I dont think its that much to ask for any citizen.
G.


----------



## vadsy (Dec 2, 2010)

I just did my morning vote


----------



## butterknucket (Feb 5, 2006)

I have done my duty.


----------



## gtrguy (Jul 6, 2006)

Done!


----------



## Frenchy99 (Oct 15, 2016)

Did it last weekend... brought the family to do it.


----------



## GuitarT (Nov 23, 2010)

Done


----------



## Milkman (Feb 2, 2006)

I will vote at lunch time. Four voters in our household.


----------



## vadsy (Dec 2, 2010)

I've already voted twice


----------



## Mooh (Mar 7, 2007)

Advance poll for us. No regrets.

Voting should be mandatory, as should be civics classes. A national holiday to vote would be good too.


----------



## Electraglide (Jan 24, 2010)

GTmaker said:


> voting day should be on a national work holiday and it should be MANDATORY .
> I dont think its that much to ask for any citizen.
> G.


If you make voting mandatory you take some of the democracy out of it. That is my opinion......and it's just an opinion. That being said I will be voting again this election same as I have since it became legal for me to vote. 
@Mooh......as far as civics classes go, screw that. Took them years back in high school, along with law. Skipped most of them and studied girls and pool and drinking.


----------



## Milkman (Feb 2, 2006)

Ok, if not mandatory, at least vote or stfu.


----------



## laristotle (Aug 29, 2019)

Mooh said:


> Voting should be mandatory


along with winter driving tests.


----------



## mhammer (Nov 30, 2007)

Without wishing to be the forum police, let's keep discussion of electoral regulations to a blessed minimum, lest the thread be moved to the political subforum. 

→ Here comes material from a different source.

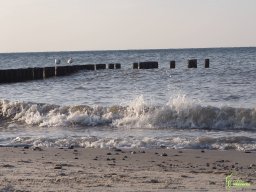Zingst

My intent was simply to remind people that some civic duties are _important_, and today is a pretty good day for that reminder. Nuff said.


----------



## johnnyshaka (Nov 2, 2014)

The wife and I voted on Thanksgiving Monday...not a soul there which was nice. I also got to ignore all of the election nonsense in the news last week.

Either way, I wasn't thrilled with the options I had to select from but I've made my peace with it.


----------



## vadsy (Dec 2, 2010)

lunchtime. Imma go vote right now


----------



## JBFairthorne (Oct 11, 2014)

Voted...and changed the oil in the car.


----------



## keto (May 23, 2006)

vadsy said:


> lunchtime. Imma go vote right now


Throw one in for me, couple extra if time on your return trips.


----------



## vadsy (Dec 2, 2010)

keto said:


> Throw one in for me, couple extra if time on your return trips.


right after I pick up a caramel macchiato as a reward for voting, I'll try and squeeze a couple in for you


----------



## Wardo (Feb 5, 2010)

There’s a voting hole in the basement of my condo building so I’ll do it when I get home.


----------



## cheezyridr (Jun 8, 2009)

good luck today, to all my canadian brothers and sisters. i hope things work out well for you


----------



## JazzyT (Nov 1, 2017)

This looks to be a novel experience: the election is usually called before I vote after work.


----------



## nbs2005 (Mar 21, 2018)

If you did not take advantage of early voting this time, I highly recommend it. Was a thrill (OK, I'm a bit weird) to cast my first Canadian vote. Very different ballots than I'm used to........LOL


----------



## johnnyshaka (Nov 2, 2014)

JazzyT said:


> This looks to be a novel experience: the election is usually called before I vote after work.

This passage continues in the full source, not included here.